Sending files in chronological order

Hi,

we have a running ELK stack, actually:
16 Mailappliances -> syslogserver -> to file -> filebeat -> logstash -> redis -> some magic script -> ES
Syslogserver + Filebeat is one machine.
Logstash, Redis and the magic scritp is another machine.
ES is also another machine(ClusteR).
We use this chain to process logs of our mail appliances, the logformat is very complicated and multilined.
The "magic script" relies on getting the logs in chronological order for each mailappliance.
As far as good, as long as no backlog happens between filebeat and logstash.
If logstash is to slow to process all incoming logs(or is down for some reason) filebeat creates a backlog and as soon as logstash is back up filebeat starts to send the backlog.
But it seems like the backlog is not something like "first in - first out".
It seems like Filebeat just got a bunch of files and starts to send the content of every file.
Let me make this a bit more clear:
Each mail appliance has its own logfile for the current day - lets say "2017-03-23_mail1.log", filebeat is sending the contents of the file to logstash.
Now suddenly logstash cant handle the load and filebeat starts to slow down.
now filebeat didnt finish sending the contents of the file and the syslogserver starts to create a new file for the next day, so there is a new file "2017-03-24_mail1.log" and filebeat also starts to send the content of this file.
Now, further down the chain our "magic script" can see different timestamps coming: one log got the timestamp "2017-03-24 00:00:10" and the next log got the timestamp "2017-03-23 22:00:22".
This is a big problem and we need to make sure that this script gets its logs in chronological order.

So, long story short:
Is there a way to tell filebeat to start sending the contents of the new file after finishing sending the contents of the old file?
for example, if the old file didnt change for 1 Minute -> start sending the new file

Or are we missing something? is there another solution?
Cheers
Mario

I'm afraid we currently don't have a way to guarantee the order of file sending. Perhaps the magic script can get the logs from redis sorted by the timestamp? Just an idea.

Hi tudor,

thanks for your reply.
We also thought about this, the problem is that the script doesnt know if there are logs between the two timestamps or not. And he doesnt know if he can continue or should wait more for "old logs to arrive".
the only one who can know this is filebeat, since he is reading the "sourcefiles".

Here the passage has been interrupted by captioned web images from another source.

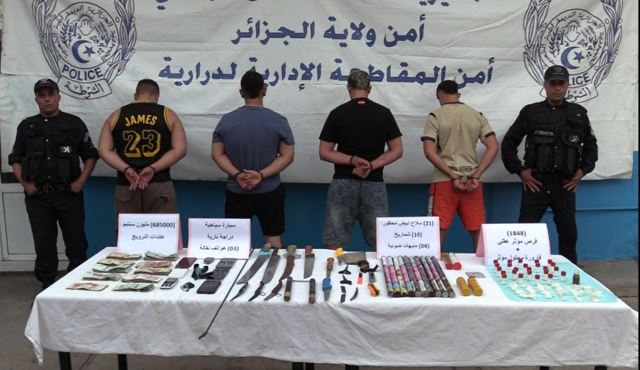 الجزائر العاصمة: توقيف عصابة أحياء خلقت الرعب لدى سكان العاشور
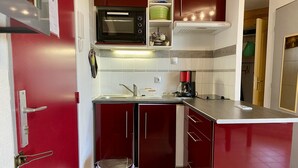 茶具/咖啡用具、冰箱、微波炉、烤箱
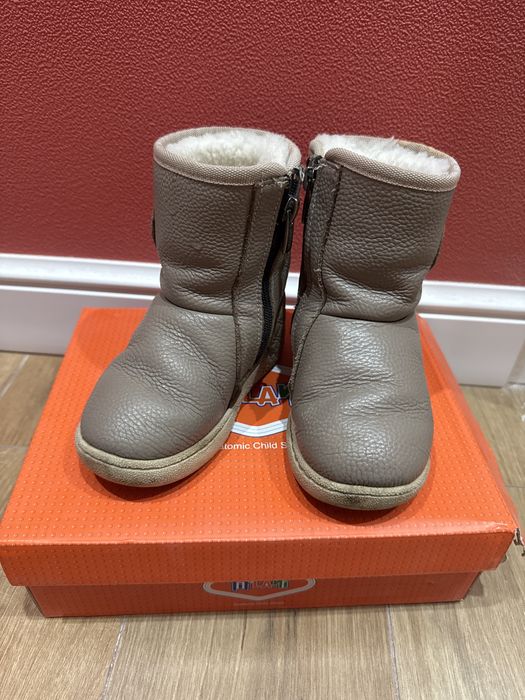 Продам сапожки зимнии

Filebeat also doesn't know when a file is "finished", someone can always append to it after some time. It could use the fact that a new file appeared to signal that the old one is finished, but that would require it to understand the file name patterns, which it currently doesn't.

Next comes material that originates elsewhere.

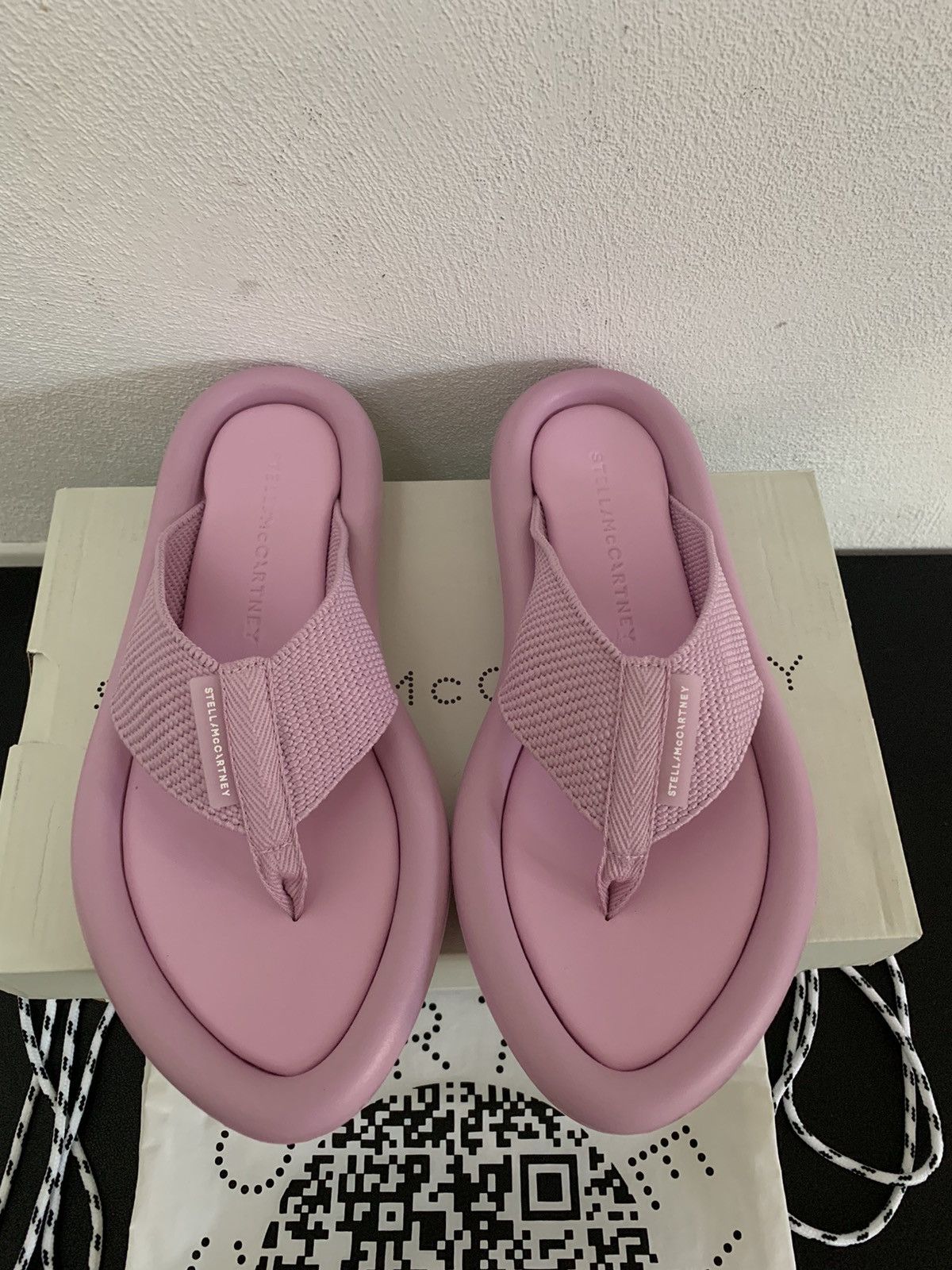 Stella McCartney Stella McCartney Air Slide Flip Flop Size US 9 / IT 39 - 10 Thumbnail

You could try to play with the harvester_limit option. If you set it to 1, it will guarantee that files are not read in parallel. As the docs say, you probably want to combine that with a small close_timeout or similar option. But getting the timings right is going to be tricky, I think.

Hi Tudor,

thank you for your help, much appreciated.
I think we will try to solve the problem with an external script, that should be more reliable.

Thanks
Mario

This topic was automatically closed 28 days after the last reply. New replies are no longer allowed.